----- Records for the task
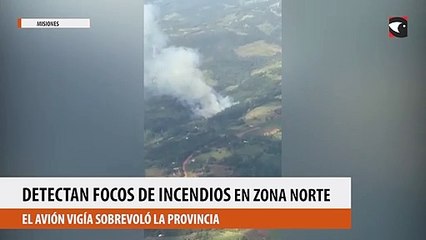 El avión vigía detectó focos de incendio en la zona Norte de Misiones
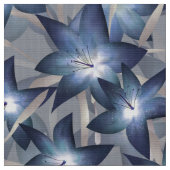 Blaue Lilien, Lilien Stoff (Nahaufnahme)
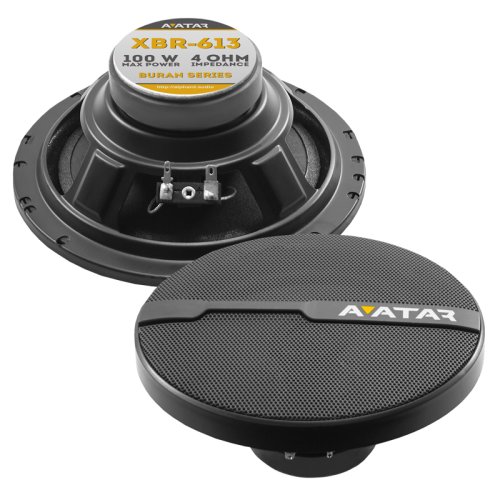 ДИНАМИК Ш/П 165 ММ 6.5" 4 Om AVATAR "XBR-613" RMS/MAX 50/100W/ Fs=95Hz/ Чувств.-90dB /Диффузор бумажный(целлюлоза)/Звук. катушка 1"(25мм) /Материал ма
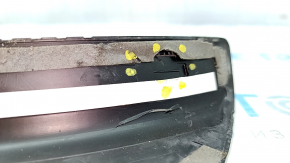 Door sill trim outer rear right Audi Q5 8R 09-17 black, with chrome trim, broken guide, broken mount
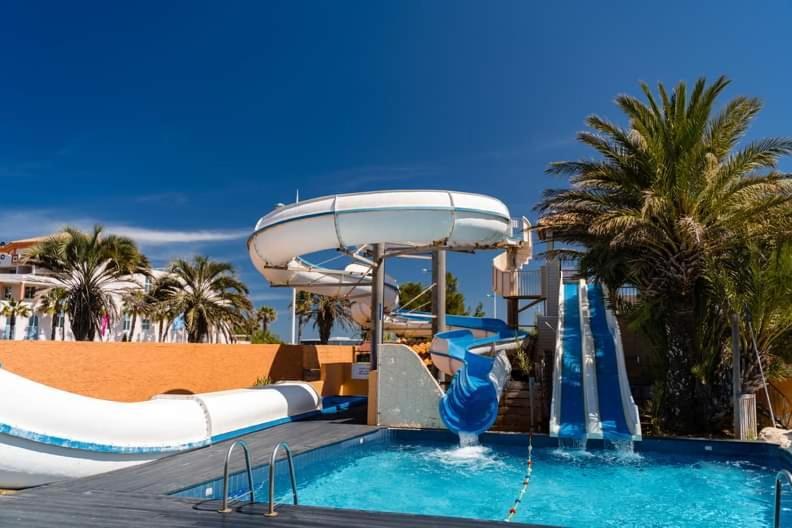 Mobil-Home Le Cocon Fun Pass Non Inclus Canet-en-Roussillon Ngoại thất bức ảnh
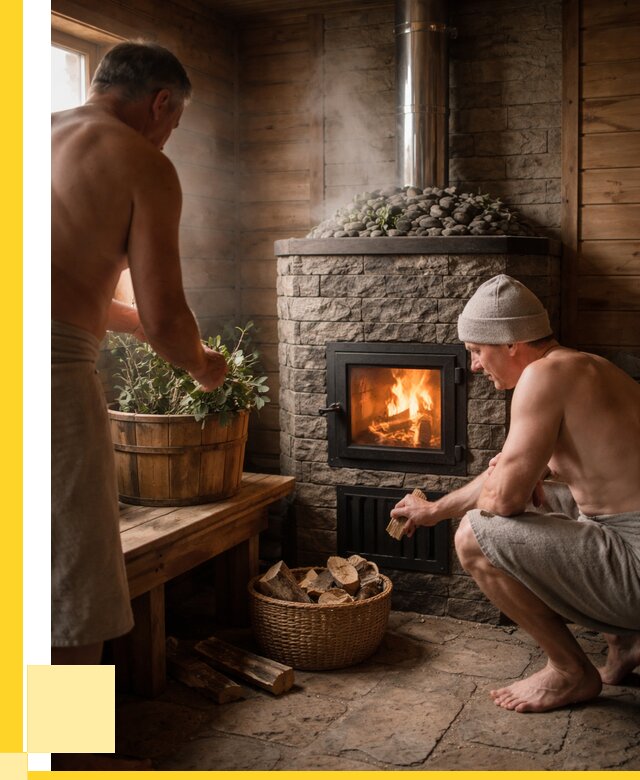 Банные печи под ключ в Кисловодске от 48123 р. | ЭриданКсл кирпичная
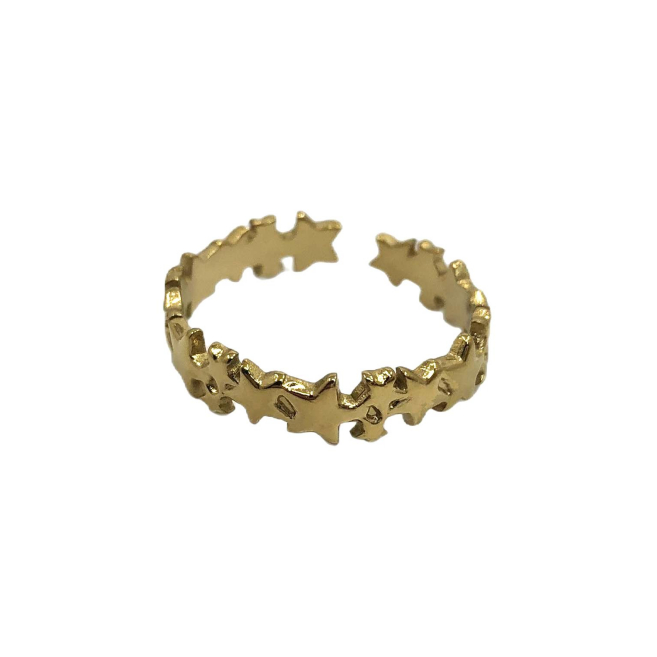 ANILLO ZO14276R Dorado Acero Inoxidable 2A21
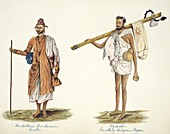 Hindu religious men,19th-century India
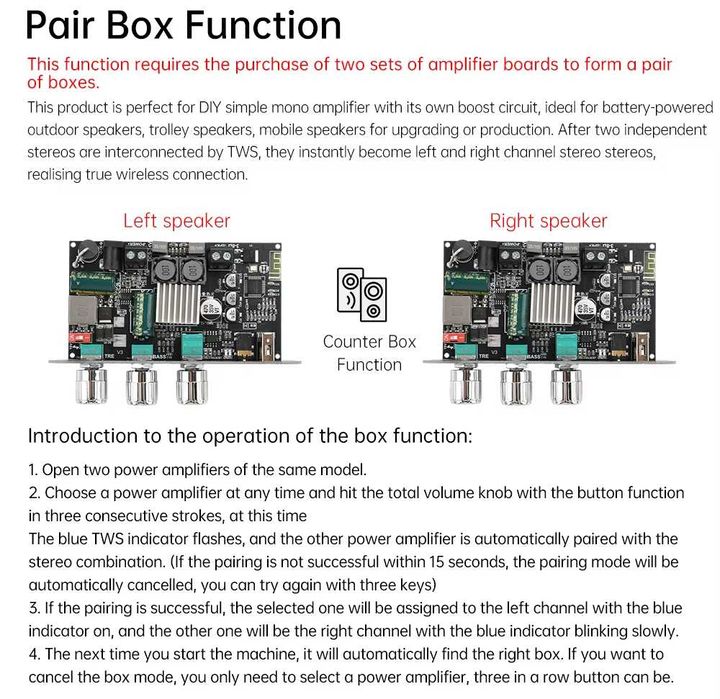Підсилювач звуку ZK-1001U 100W Bluetooth 5.3 Android AUX USB MP3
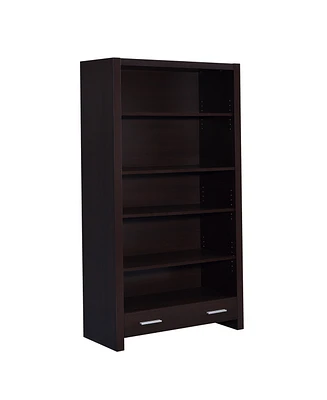 Charleston 4-Shelf Bookcase with Storage Drawer
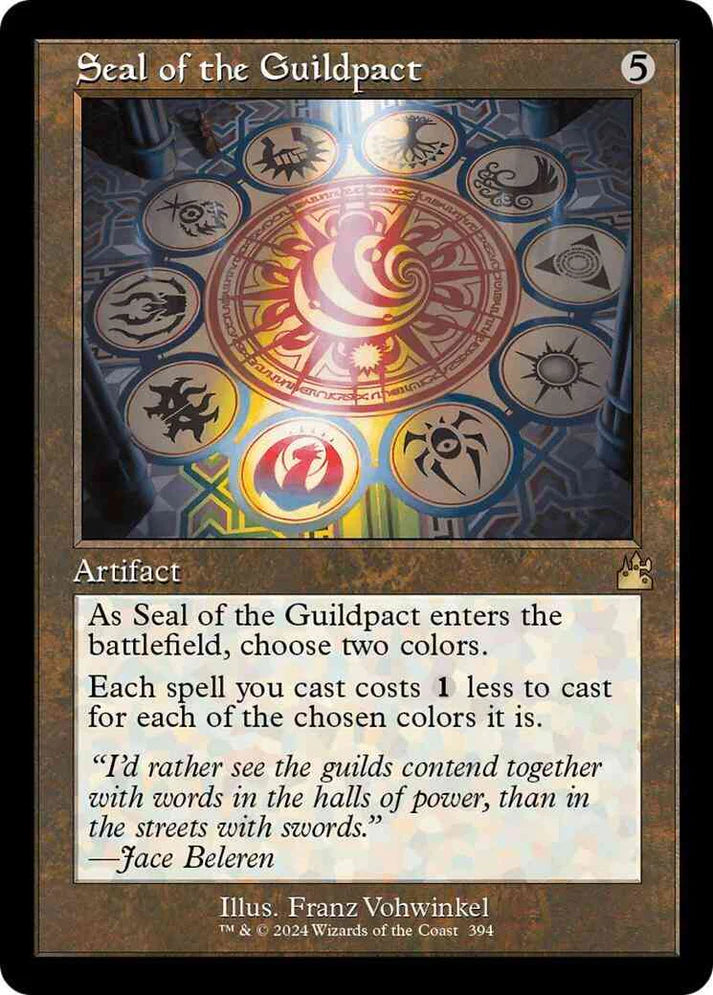 Seal of the Guildpact - Retro Frame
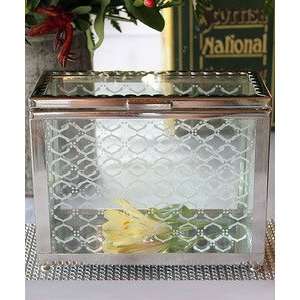  Decorative Glass Box with Mirror Base 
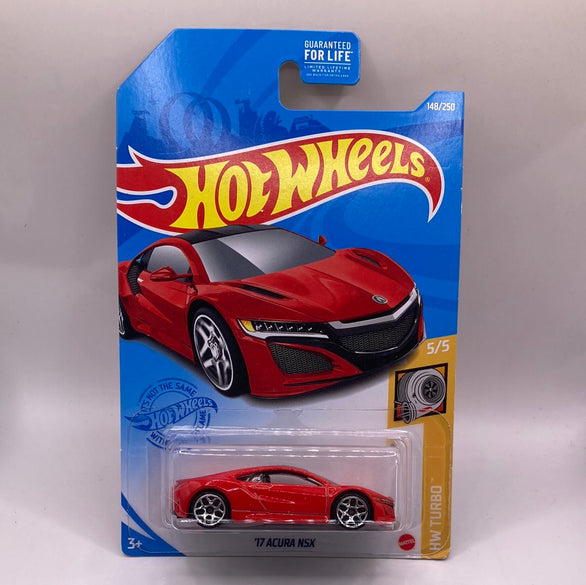 Hot Wheels 17 Acura NSX Diecast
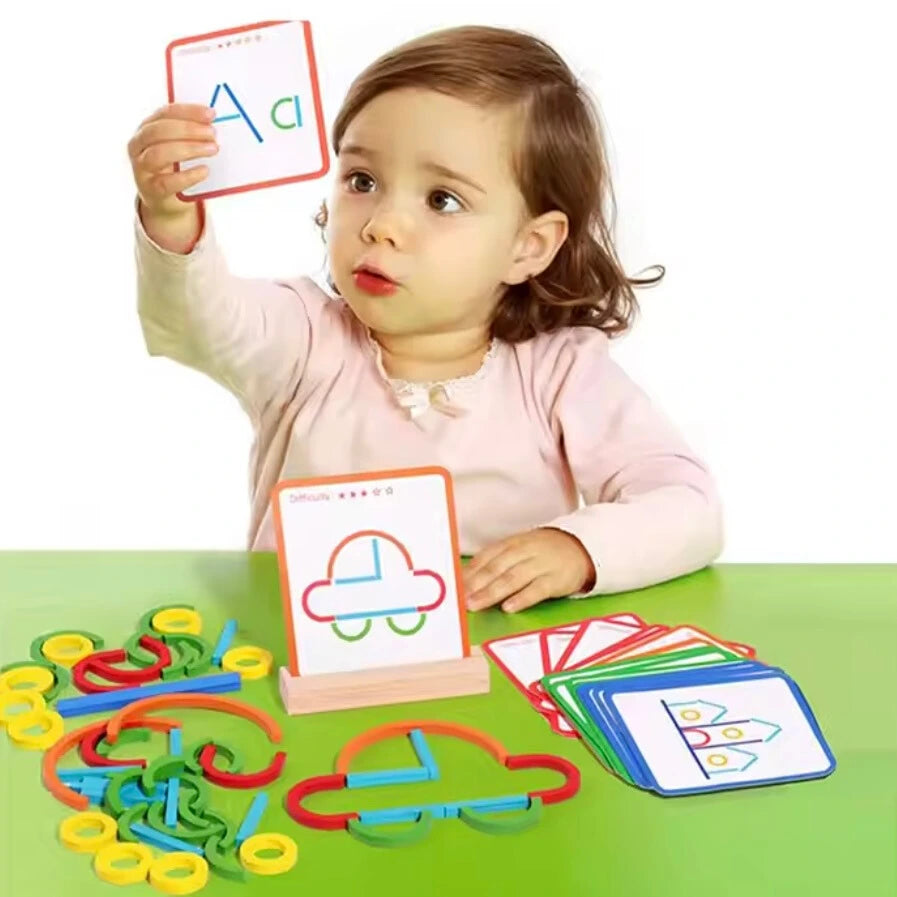 Toddlers Stick & Rings Puzzle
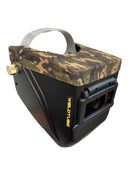 Chopped Leather Top LOWPRO Welding Helmet, with Aluminum Fasteners & High Visibility HD Lens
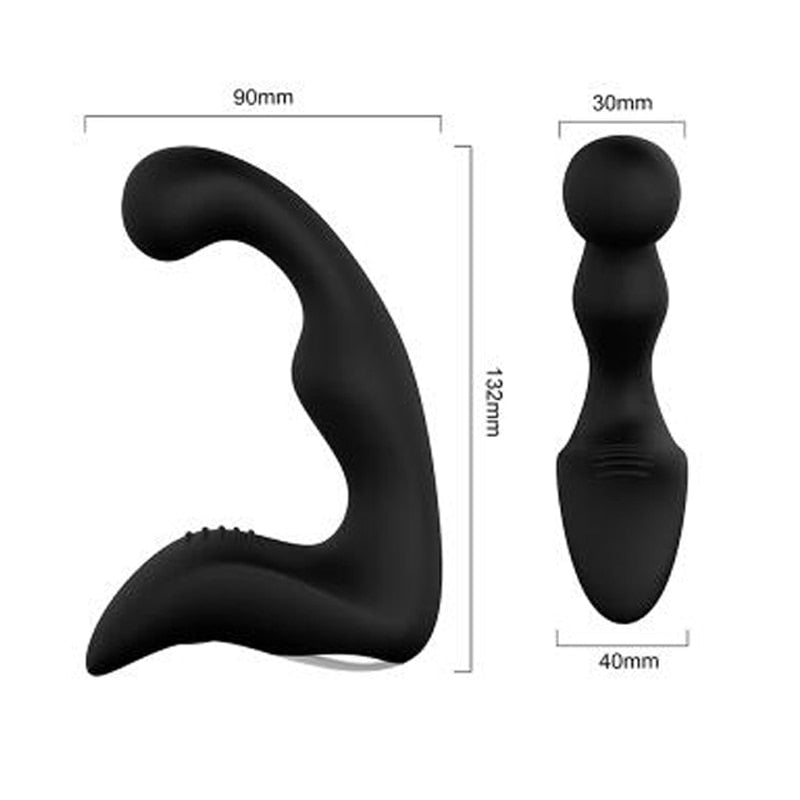 Silicone Vibrator Prostate Massager Anus Stimulator Anal Butt Plug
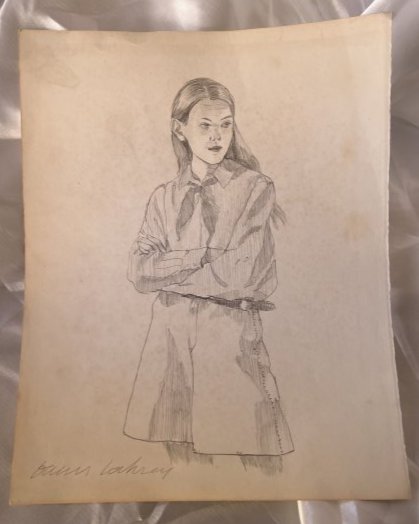 David Hockney original pencil drawing of a young lady...No Reserve: Lot number 26 is an original pencil drawing by David Hockney ~ David Hockney OM CH RA is an English painter, draftsman, printmaker, stage designer, and photographer. As an important contributor to the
----------
Reproduce exactly, with no pictures, the lines above from the one holding "Mobil-Home Le Cocon" to the one holding "Hindu religious men,19th-century India", inclusive.

=== Solution to the exercise ===
 Mobil-Home Le Cocon Fun Pass Non Inclus Canet-en-Roussillon Ngoại thất bức ảnh
 Банные печи под ключ в Кисловодске от 48123 р. | ЭриданКсл кирпичная
 ANILLO ZO14276R Dorado Acero Inoxidable 2A21
 Hindu religious men,19th-century India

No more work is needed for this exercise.